++++ Source material ++++
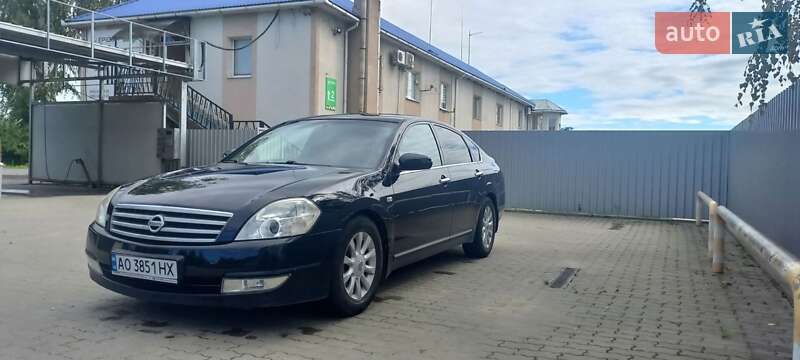 Седан Nissan Teana 2006 в Мукачево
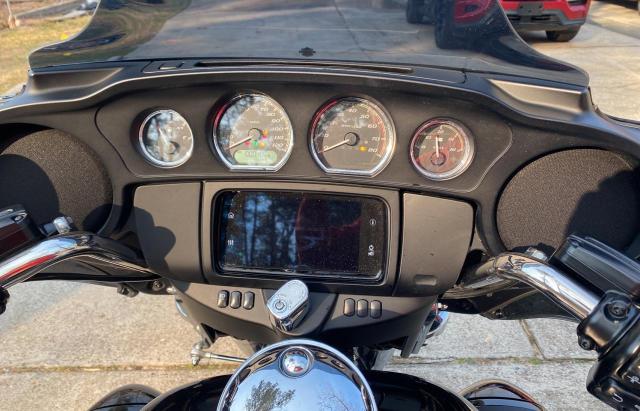 2019 HARLEY-DAVIDSON FLHTCUTG 1HD1MAF11KB853835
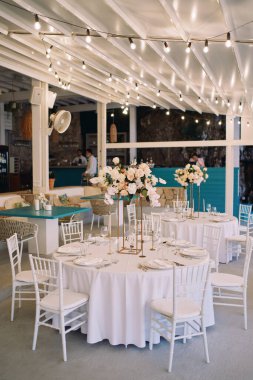 Bir buket çiçek bir şenlik masasında duruyor. Yüksek kalite fotoğraf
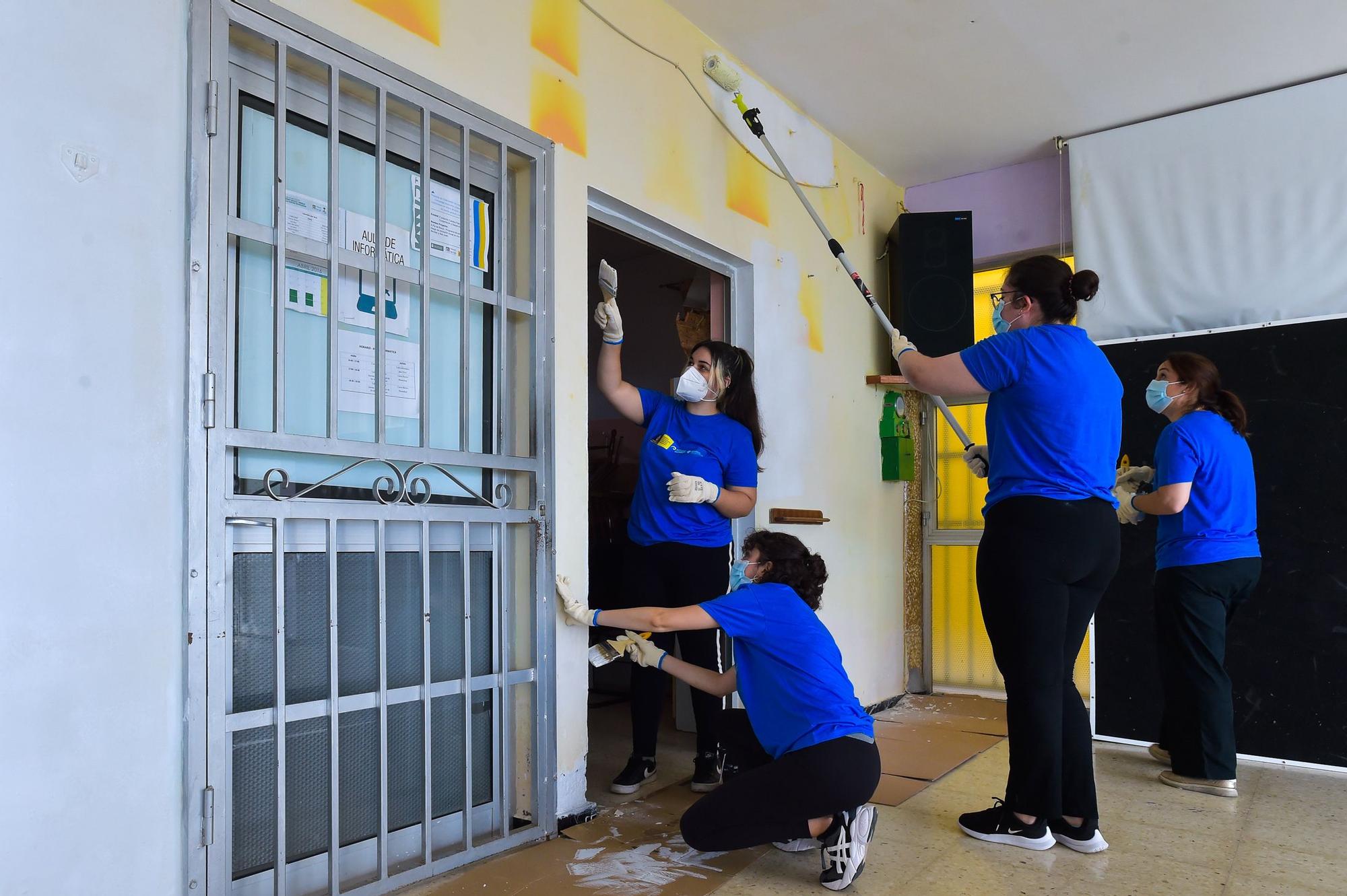 Alumnos de la ULPGC participan en las tareas de limpieza y embellecimiento en El Risco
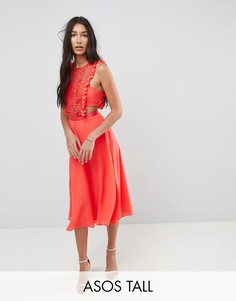 Платье миди с плиссировкой и кружевом ASOS TALL-Красный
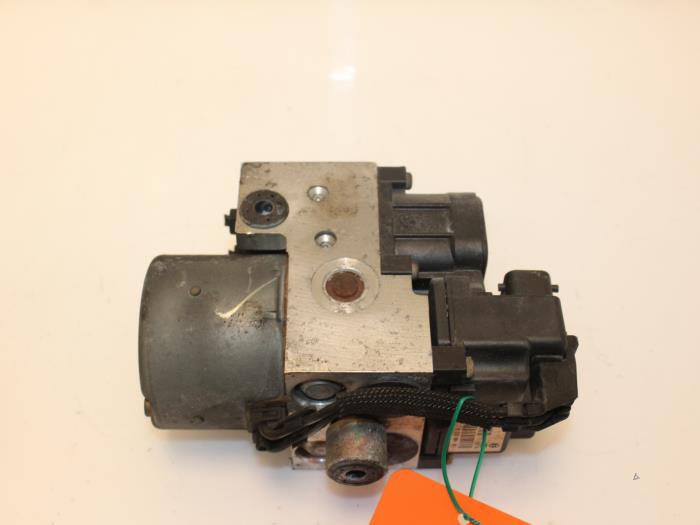 Begagnade ABS-pump Volkswagen Passat (3B2) 1.9 TDi 90 Pris € 25,00 Marginaltabell erbjuds av Van Gils Automotive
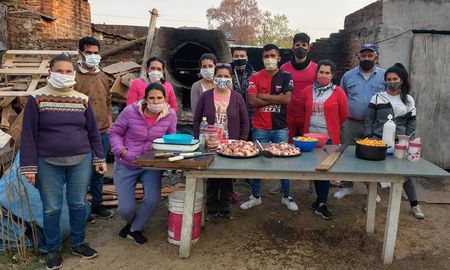 A diario los voluntarios trabajan para alimentar a los vecinos que se acercan desde diferentes barrios de la zona. A diario los voluntarios trabajan para alimentar a los vecinos que se acercan desde diferentes barrios de la zona.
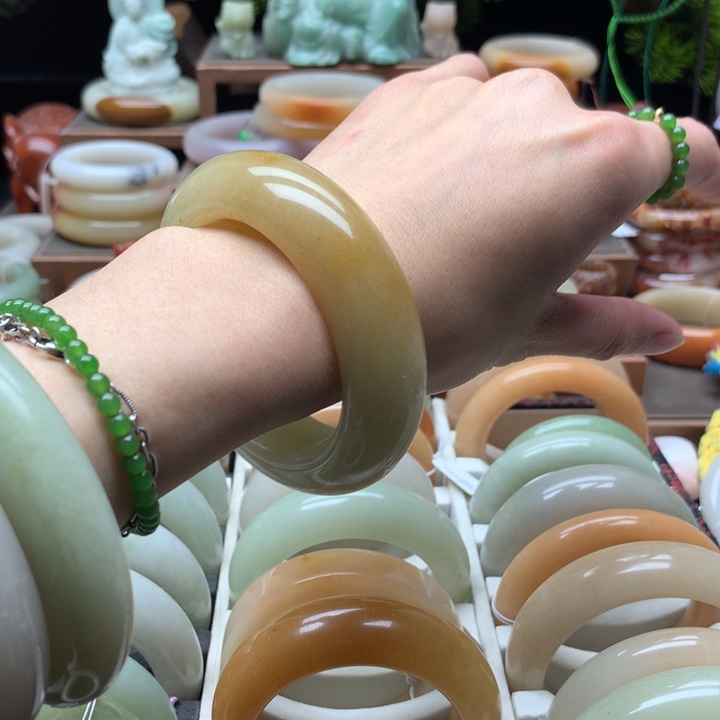 馨***7查罗石合金手镯（开口镯）不退不换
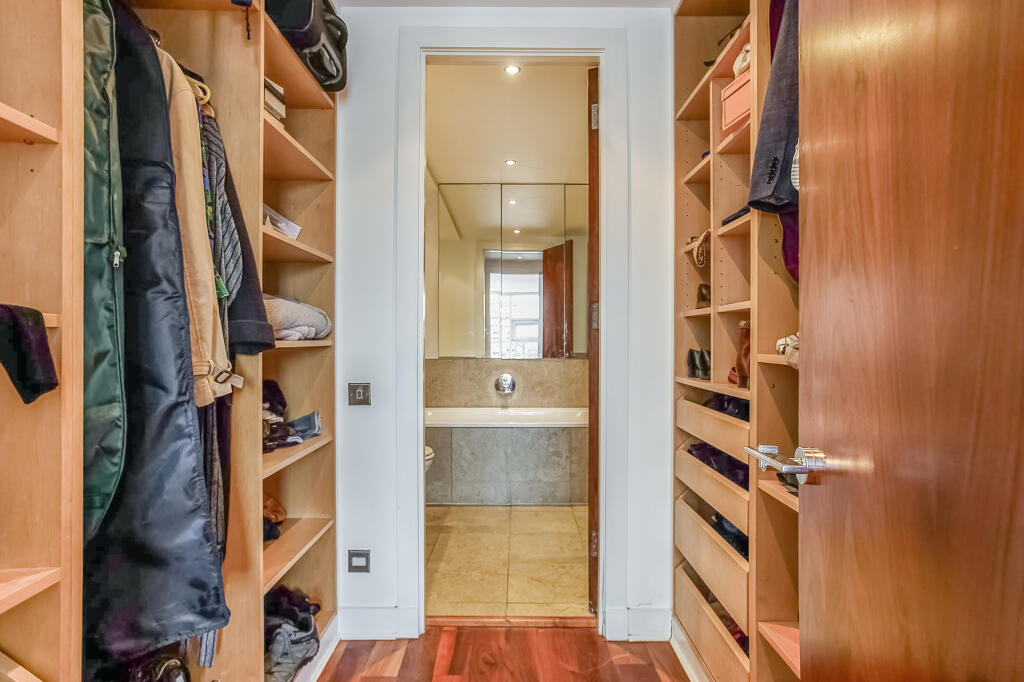 Apartment in London - More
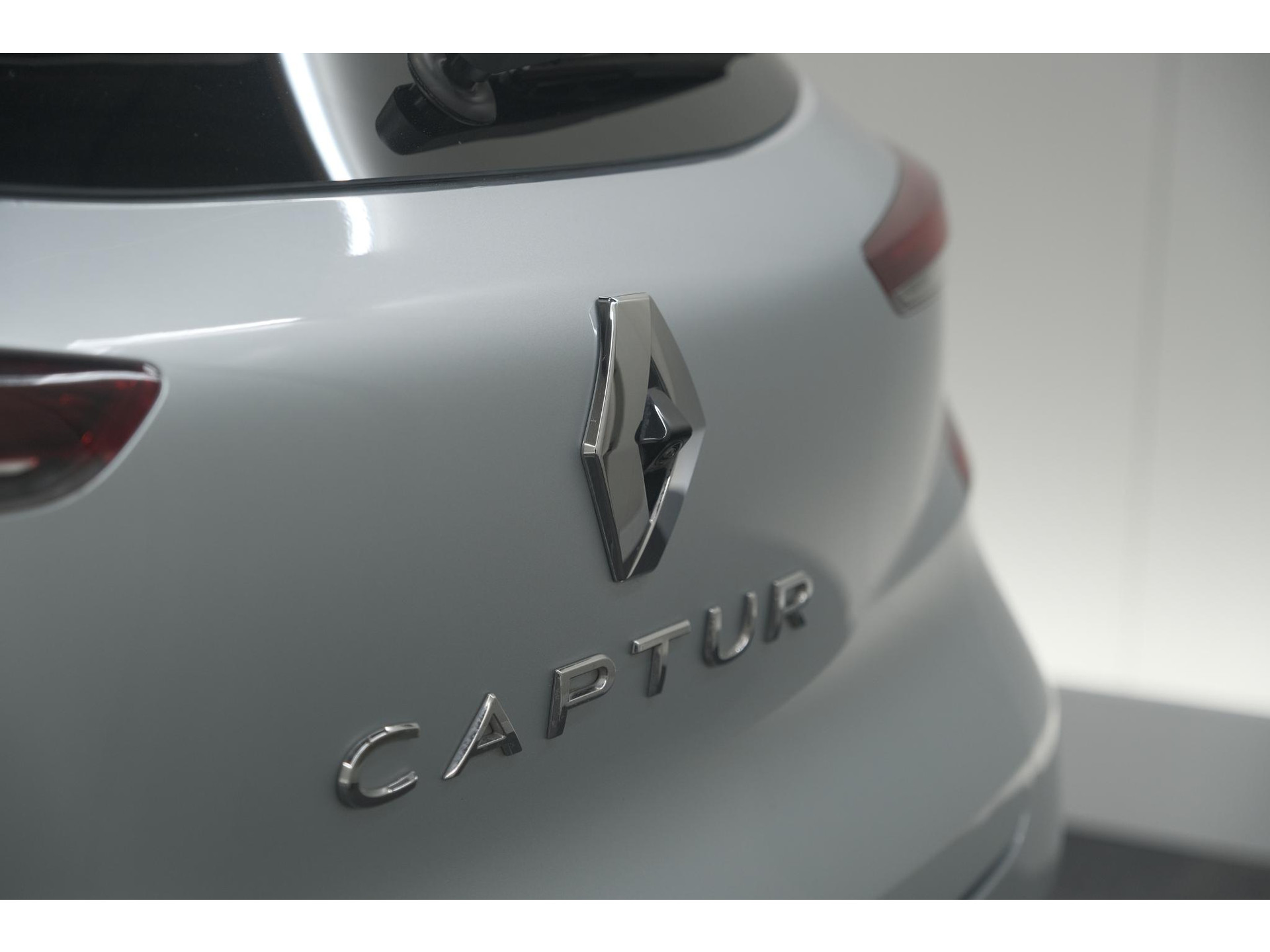 Renault Captur Mild Hybrid 140 EDC Techno | Trekhaak | 360 Camera | 9.3 Inch Grootscherm | Apple Carplay | Parkeersensoren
++++
§ What the task asks
What you give back must be exactly the lines from the opening line of the entries through the line holding "Begagnade ABS-pump Volkswagen", with no pictures.

§ Answer section
 Седан Nissan Teana 2006 в Мукачево
 2019 HARLEY-DAVIDSON FLHTCUTG 1HD1MAF11KB853835
 Bir buket çiçek bir şenlik masasında duruyor. Yüksek kalite fotoğraf
 Alumnos de la ULPGC participan en las tareas de limpieza y embellecimiento en El Risco
 Платье миди с плиссировкой и кружевом ASOS TALL-Красный
 Begagnade ABS-pump Volkswagen Passat (3B2) 1.9 TDi 90 Pris € 25,00 Marginaltabell erbjuds av Van Gils Automotive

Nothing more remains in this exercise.